Уже 10 лет от роду я не считал себя ребенком, потому что был в третьем классе гимназии, но страдал, как ребенок. Перед гимназией пансион показался мне раем; в пансионе начальница была женщина; будили нас в 7 часов звонком маленького колокольчика и, в случае надобности, легким прикосновением к плечу, да и кроватка моя стояла рядом с кроватью брата. В гимназии с 5 1/2 часов бегал по спальням инвалид и хриплым басом кричал: «Вставать!» Кто не проснулся от крика, с того срывал одеяло, а в комнате было холодно. В пансионе давали каждому полотенце на несколько дней; в гимназии клали у рукомойников каждый день кучу полотенец, одно на несколько человек, но большие воспитанники отряжали одного, чтобы забрать все, и клали их себе под подушку; мы же, маленькие, встававшие раньше, чтобы не быть оттесненными от воды, утирались рукавом рубашки; своего полотенца нельзя было иметь, оттого что его в тот же день украли бы.
При моем малом росте и слабосилии, я не мог принимать участие в играх; ничто не помогало мне развлечься, забыть тоску о доме и то грустное, что дома происходило. Много тетрадей я не успевал переписывать, а в низших классах гимназии требовали чистых тетрадей, не заботясь о том, знали ли то, что в тетрадях заключалось.
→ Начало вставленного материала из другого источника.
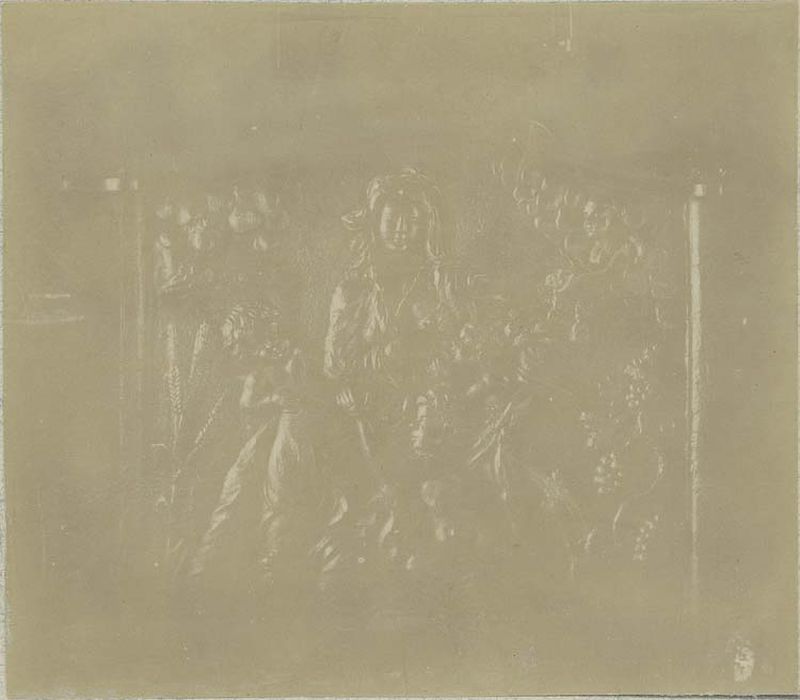 Bas-relief : la Charité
Благодаря инспектору классов, Федору Ивановичу Миддендорфу, такому инспектору, какого не бывало в России до него и, вероятно, не скоро будет, — меня освободили от тетрадей; я учился по чужим, заблаговременно, когда владельцы их учились накануне спроса, и платил за эти услуги позволением списывать мои латинские переводы; приятелям я делал даже небольшие изменения редакции, чтобы нельзя было изобличить, что это — копии.